A permit from the city of Sammamish to begin construction of the paved trail would allow the county to continue to connect its 11-mile paved trail system that runs from Redmond and Issaquah along Lake Sammamish.
Kevin Brown, director of the Parks and Recreation Division at King County, said trail development was broken up into five segments, the fourth of which was just recently completed in January. The only remaining segment is “South Sammamish B,” a three-and-a-half mile stretch that goes from SE 33rd Street to the intersection of Parkway NE and NE Inglewood Hill Road.
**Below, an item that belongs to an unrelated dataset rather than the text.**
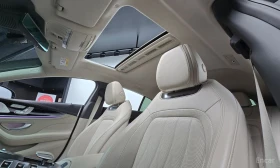 Mercedes-Benz AMG GT 43* 4MATIC+ * BURMESTER* ПОДГРЕВ* ОБДУХВАНЕ* 360КА | Auto.bg — изображение 14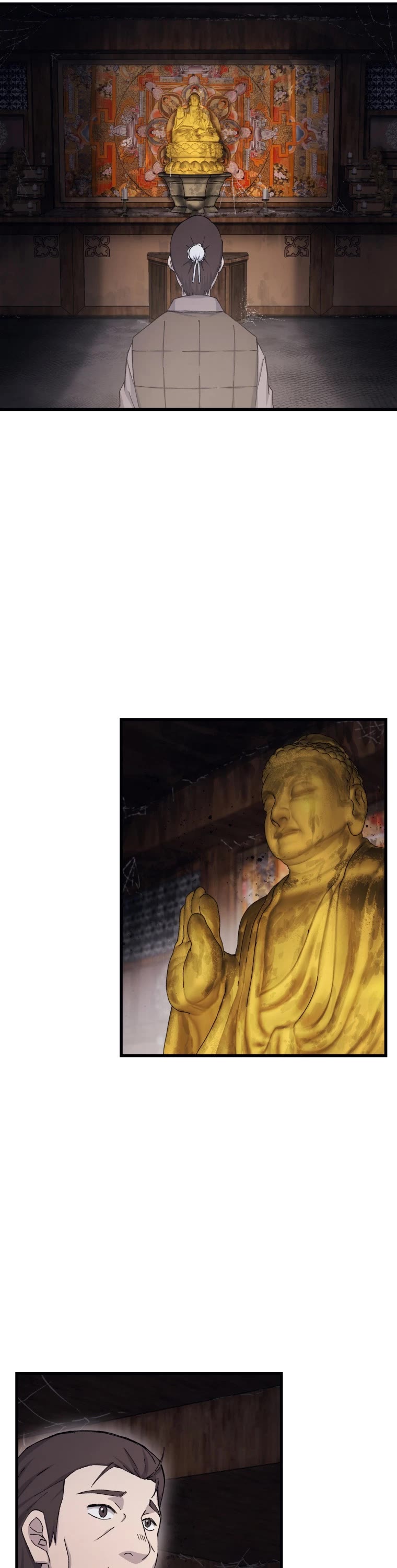 The Great Master Sunyoo Chapter 70 page 14 - Chapter 70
The East Lake Sammamish Trail runs along a historic railroad route that is owned by the county. Brown said the county acquired the trail in the late 1990s through the “rails to trails” program and the development of a connected trail system has been in the county plans since the 1970s. The railroad corridor is about 100-feet wide along the 11-mile trail, Brown said.
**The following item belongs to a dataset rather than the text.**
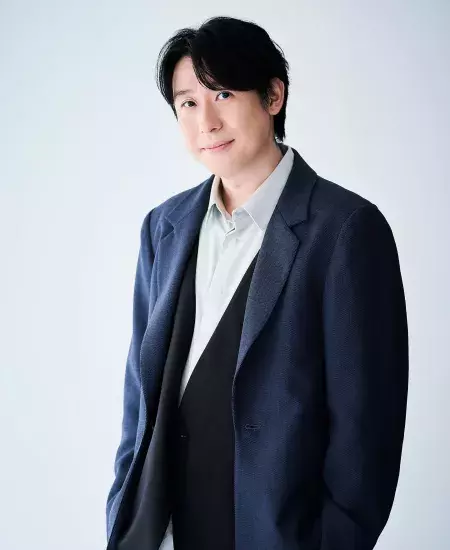 Kenichi Suzumura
The footprint for the trail, he said, was developed by relying on national standards and would be 18 feet wide, with 12 feet of paved trail and two feet on each side for soft shoulder use and a one-foot clear zone on each side.
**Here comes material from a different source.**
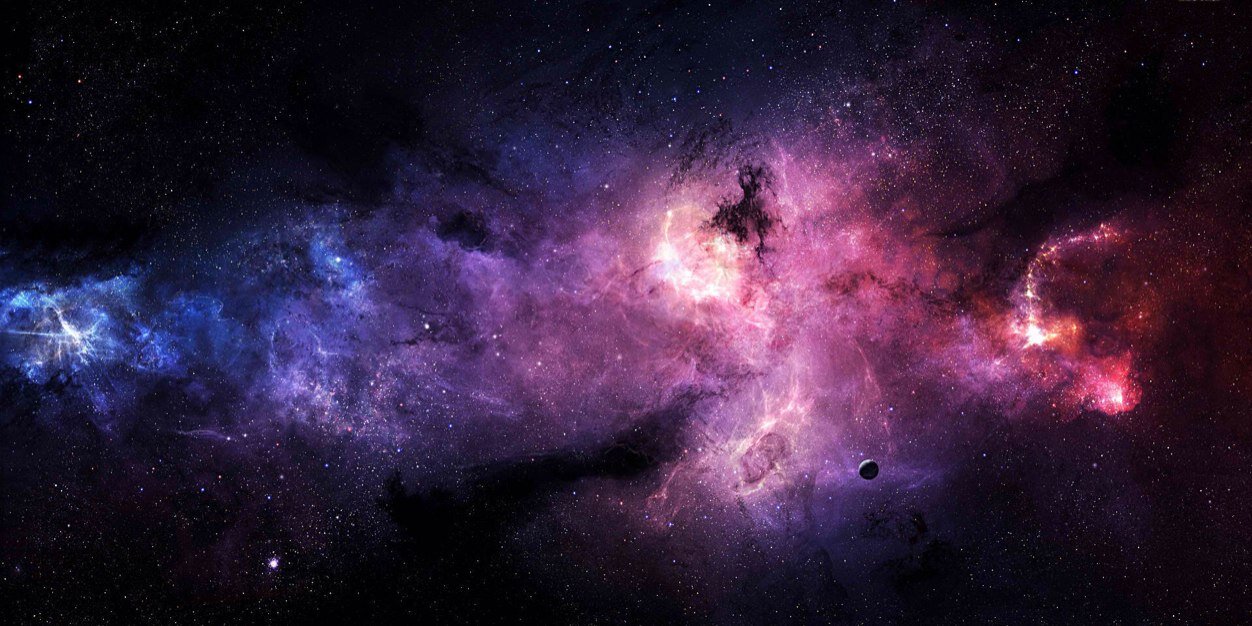 CosmikGazer's profile banner image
King County submitted a permit application to the city, but was met with resistance in regards to some of the permit requirements such as overall width of the trail itself. The county appealed those decisions to a hearing examiner in November 2017.
Because this proposed development falls under the Shoreline Substantial Development Plan, it is subject to a public hearing session, said Melanie Anderson, Sammamish city clerk. A hearing examiner determined the ruling on the permit application after receiving testimony from both the county and the city, as well as citizens of Sammamish.
On Jan. 5, 2018, John E. Galt, the hearing examiner, denied the county’s permit application to develop the trail. The Examiner’s report, which took into consideration almost 8,000 pages of documents, studies, and public comments, ruled that the county’s application was incomplete due to not depicting all of the buildings and utilities in the area around the trail path.
“The Examiner concludes that the County’s application was incomplete because the site development plans lack all information required for a complete application… Specifically, they do not depict any utilities and may not depict all structures in the vicinity of the proposed construction,” Galt wrote.
Some of the homeowners along the trail also opposed the county’s application because, in the years before the trail, homes and other private property such as stairs, driveways, docks, boat launches, and landscaping had extended into the county’s right of way in the railroad corridor. Galt addressed this issue as many of the public comments he received were from these homeowners.
“In many cases, those improvements pre-date King County’s acquisition of the ELST right-of-way; they were apparently installed during the railroad’s control of the right-of-way, when the railroad apparently didn’t care what people did within the right-of-way so long as it didn’t adversely affect the single rail line that ran through the right-of-way,” he writes.
However, Galt said that those issues are unrelated to this matter because King County is able to demonstrate it owns the right of way and the Examiner “cannot deny or condition an otherwise compliant SSDP application to avoid impacts to things which lie within the ELST right-of-way and, thus, within the control of the applicant.”
The resolution of the property right conflicts must be resolved in another forum, he concluded.
The Examiner’s decision is subject to reconsideration and appeal through the State Shoreline Hearings Board, which Brown said the county will pursue as the next step. Brown said the information the Examiner determined was missing was in fact in the application and the county will appeal his decision.
“The timeline would probably be late spring early summer in which would get in front of the shoreline hearings board,” he said. “This is consistent with what happened with the last phase of the trail, we ended up in that Shoreline Hearing Board and were quite successful.”
Brown said the completion of the trial will be a boon to the area and will help improve access between Redmond, Sammamish and Issaquah. Promoting access between the region through biking, jogging, and walking.
“We feel it’s great amenity not just to the community but the region,” he said.